Love at Work
What to do when sparks fly in the workplace? - Things you need know about love at work
For him it’s the cute blonde intern that sometimes twinkles a smile in the corridor. For her it’s the singlet-wearing deliveryman with the chiselled jawline. Most employees know that this feeling puts a spring in their step on their way to work every day. Whether you have experienced the beginning of a harmless crush, a bit of flirtation or you have met your one true love at work, one thing is for sure. The workplace has become seriously successful in igniting that first spark—more so than most dating websites.
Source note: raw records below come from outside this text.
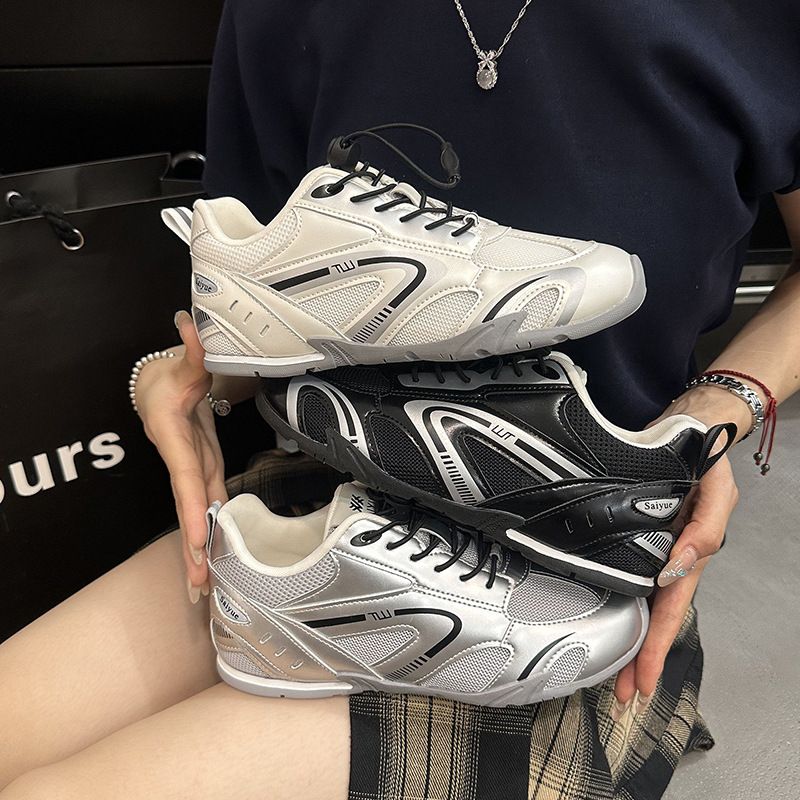 여성을위한 키가 큰 아빠 신발 2025 새로운 여름 메쉬 통기성 레이싱 신발 범프 스포츠 및 캐주얼 신발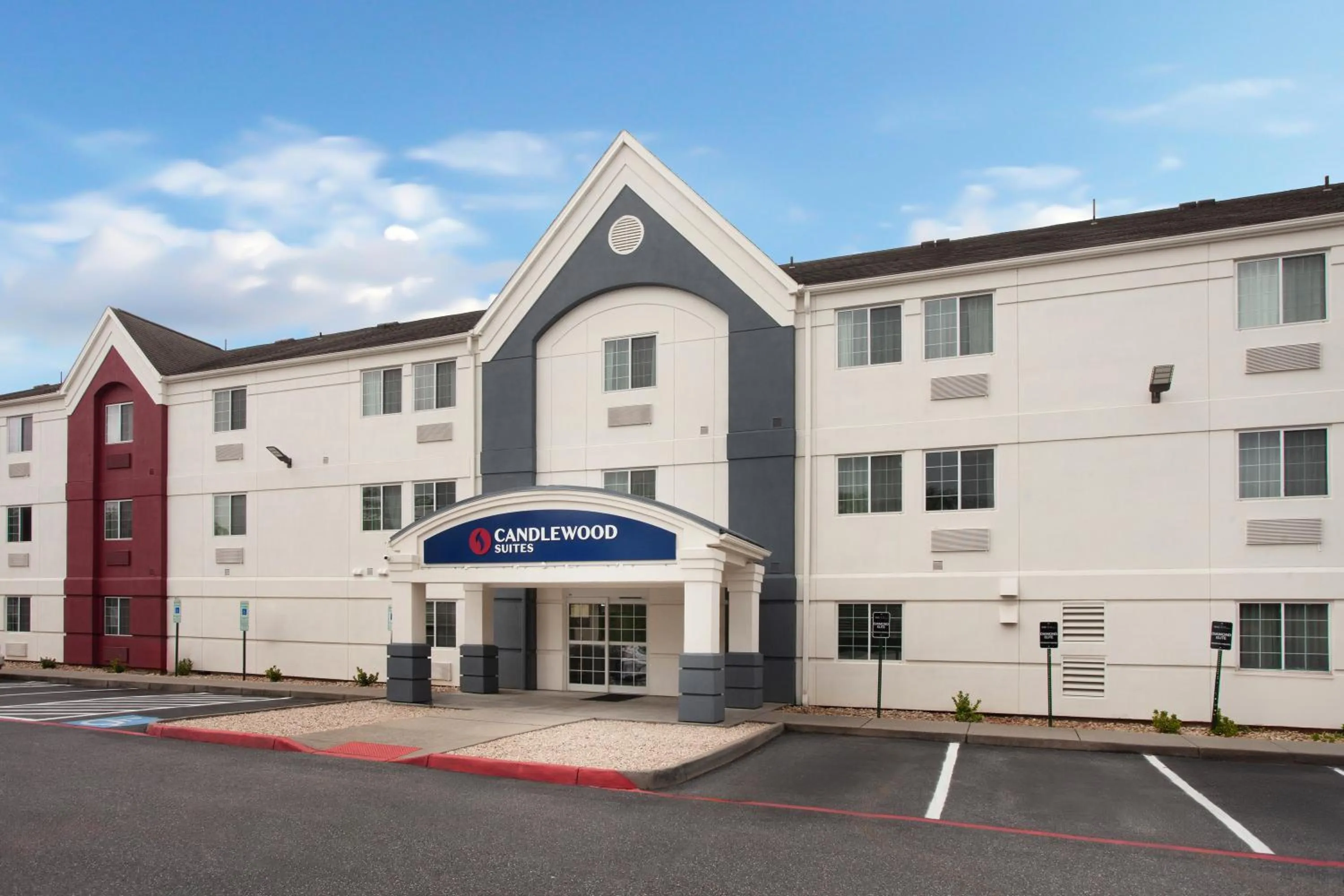 Property building in Candlewood Suites Harrisonburg by IHG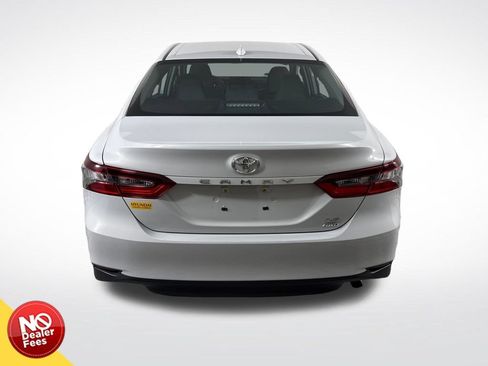 Used 2023 Toyota Camry LE AWD/4WD image 4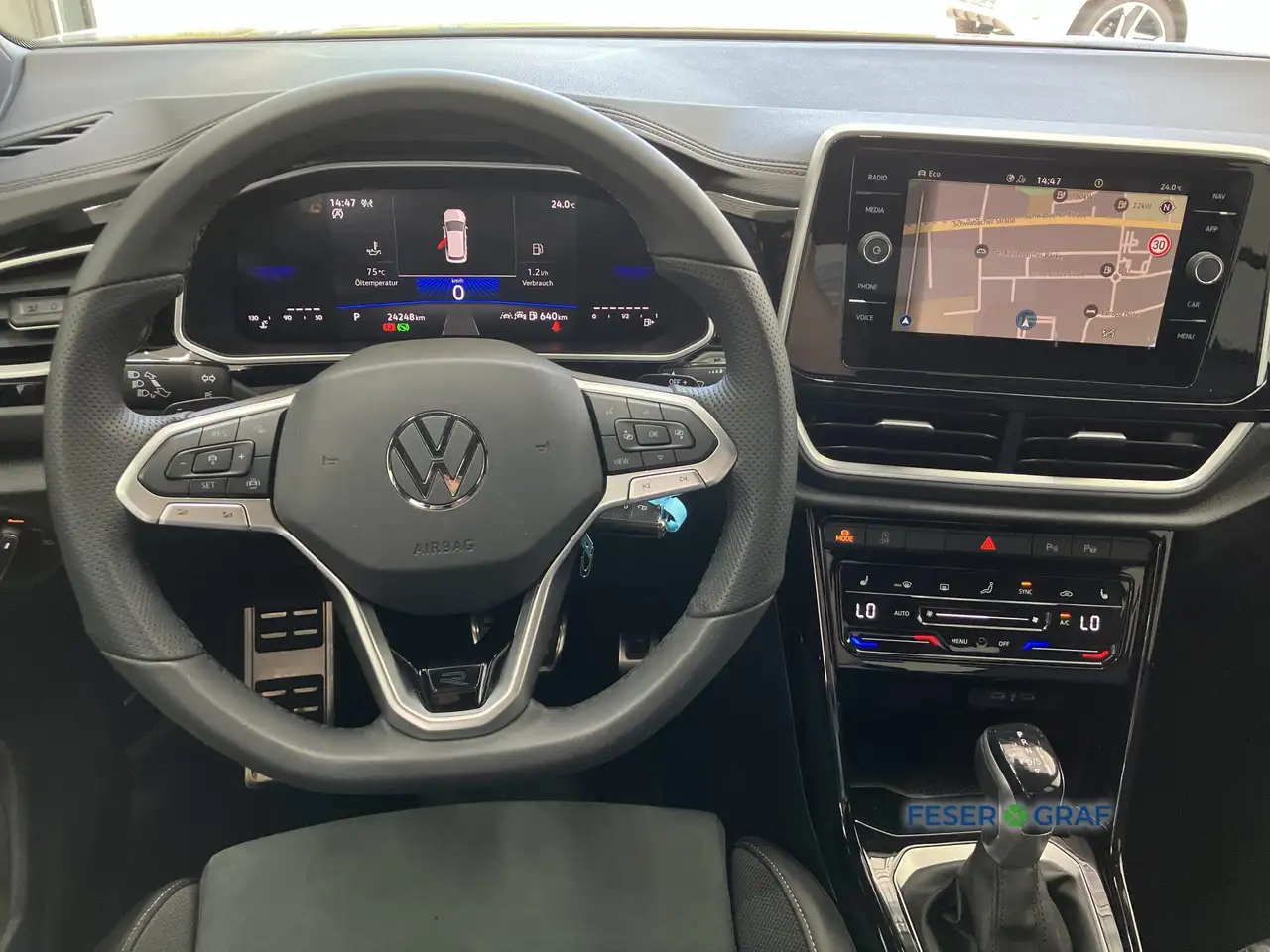 Volkswagen T-Roc 12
- Why Sparks Fly at Work—the Causes
- Trends and Statistics
- The Rules: Dos and Don’ts for Lovers at Work
- Likely Consequences after a Break-Up
Year after year, market researchers release statistics about how many star-crossed lovers have found one another, fallen in love and broken up at work. One glance at the increase in bachelors and bachelorettes at workplaces is enough to establish that there are more and more singles at work. People used to be rather sceptical about finding love at work and considered tender feelings a taboo in the line of duty. However, business premises have become a place where people now consider the occasional flirtation with a co-worker. There are various reasons for this change in workplace culture.
1. Why Sparks Fly at Work—the Causes
For one, employees spend more and more time at work. In the past, the nine to five day was sacred; once the clock struck five, everyone dropped what they were doing for the day and went home. Nowadays, it is considered good form to take one’s daily working hours as the bare minimum, and hence, to stay at work longer. There are numerous reasons for this voluntary increase in work. These include a competitive working environment, the increased competition between co-workers, the fear of losing one’s job and one’s place in society. The latter fear has—somewhat paradoxically—increased in recent times despite the recovery of the global economy, and the experts attribute this concern to popular but sensationalist reality TV.
There are also positive grounds for spending more time at work. Busy times throughout the year, seasonal peaks in sales, a passion for your job, an imminent promotion and a salary raise are all good motivators. Even the average employee is more work-oriented than in the past. Ten to twenty years ago, only business managers and other high-ups worked overtime on a regular basis. Today, compromises on one’s private life are expected of the average company employee as well. The move towards total commitment to work has also changed broader social trends.
2. Statistics and Trends
For one seventh of employees, the workplace has been the catalyst for a lasting relationship. Every fifth employee has fallen in love at work before and over a third would consider a relationship with a co-worker at least hypothetically. These statistics are drawn from a study by the organisation for social research and statistical analysis, Forsa. This study took place after a commission by the business network, Xing. The Forsa study stated that 85% of those who have fallen in love at work before considered co-workers particularly desirable as partners. ‘Only every tenth person lost their heart to their boss or a co-worker’. According to Forsa, women are more likely to fall in love with their boss than men.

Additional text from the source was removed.